May 20th, 2013 NY MySQL to Cassandra

On Monday, May 20, 2013, OLC attended New York MySQL’s meetup, MySQL to Cassandra: Big Data, High Scale, Data Migration... Oh My! held at AOL. The featured speakers were Scott Bonneau, CTO and Executive VP of Engineering at Bazaarvoice and RC Johnson, NYC Engineering Manager at Bazaarvoice.

Scott Bonneau, as the CTO and EVP of Engineering, is responsible for the building of critical infrastructure systems at Bazaarvoice, a data storage system that serves over 10 billion interactions per month. Bonneau worked at Google for four years, as well as leadership positions at RGM Advisors, Lombardi Software, MessageOne and Trilogy Software. 

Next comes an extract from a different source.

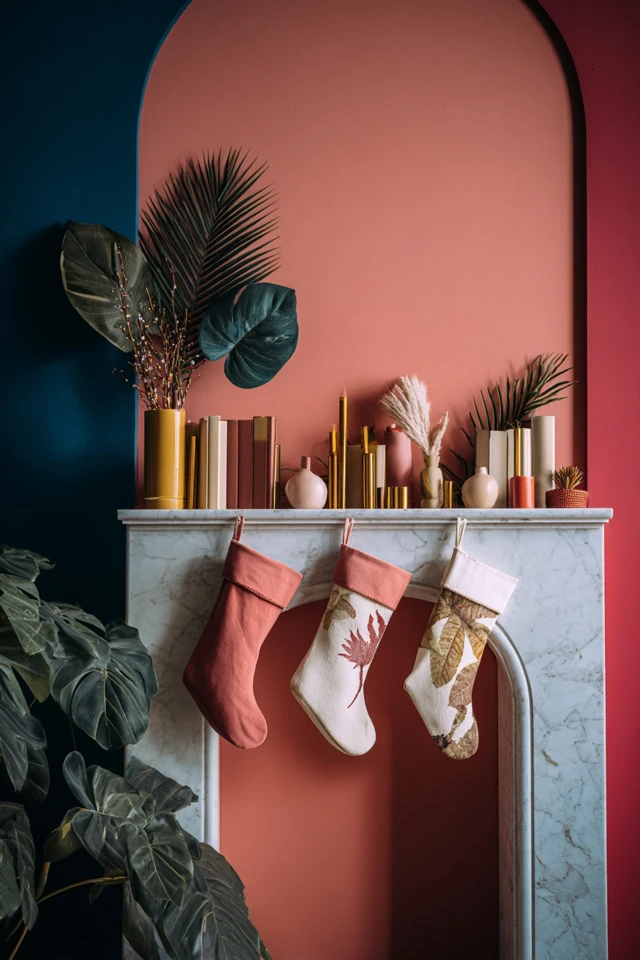 Where To Hang Stockings Without A Mantle Inspiration to Transform Your Space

Bazaarvoice was founded in 2005 and its basic thesis was based on Amazon’s datacapturing tendencies. Teams at Amazon would analyze the user-generated data and Scott Bonneau felt that he should be able to do that too.

“The value proposition of Bazaarvoice was that nobody reads ads,” Bonneau declared.

“Okay, that’s not really 100 percent true, but ads don’t get read. We place more trust in other people’s reviews than we do with advertisements. Feedback from people are read differently than from ads.”

Bonneau gave a brief breakdown of Bazaarvoice’s thesis.

1. Help business capture display, share and analyze user-generated content

2. Connect brands with the point of purchase conversation

3. Enable retailers and brands to participate in shopper marketing media

“We aggregate for these brands and give them a dashboard to help brands operate with their own,” he said.

And this is how Bazaarvoice does it:

• Hasten and managed SaaS solutions

• Full service

• White label clients use JavaScript

• Serves all of the necessary content including image, CSS, JS

• Serves content every time and when any one of our clients are involved

“Bazaarvoice currently serves over 2,500 brands,” Bonneau said.

In terms of scaling, Bonneau said, “scaling is our middle name.” Bazaarvoice serves more than 100 million page views, displays 800 millions pieces of content and it receives 95,000 new pieces of content a month.

Regarding their technologies, Bazaarvoice uses DataStore, made up of MySQL, Hadoop, ElasticSearch among others. Its application uses Java, Tornado, mGINX and node; and the UI is composed of JQuery, freemaker, Ember.js and others.

“We did find some cracks in the foundation, though,” Bonneau confessed. “We found that it had some slow rendering, hard to recover content—we decided to revisit everything that we had done at the beginning of the strategy and worked back from there.”

“Things like latency matter a lot. We need to send out content as fast as we can. We need to be able to get to throw data at any time. We do a lot of machine learning,” Bonneau said.

RC Johnson took over for Bonneau from here.

“There are three different things we created:”

• Emo – an emotions database

• Databus – emotions database

• Pollui – ElasticSearch, erodes databus events and displays index.

Johnson talked at length on breaking Emo apart. “There are key horizontal scale on read/writes, it is fault-tolerant, multi-master and multi-document.” On structure, Johnson said that there would be one ring for product data and another one for content. In other cultures, they’ve been exposed to MySQL, Mango and HBale.

Bazaarvoice’s SQL is designed for writers and it can scale with your changing plans. Its noSQL is designed for rendering.

On Pollui, Johnson described it as a declarative, rule-based, denormalized search index.

“Bazaarvoice uses ElasticSearch clusters—the backbone—of the system.” It can be customized with the AWS Cloud plugins and the discoverability/SOA/Monitoring programs.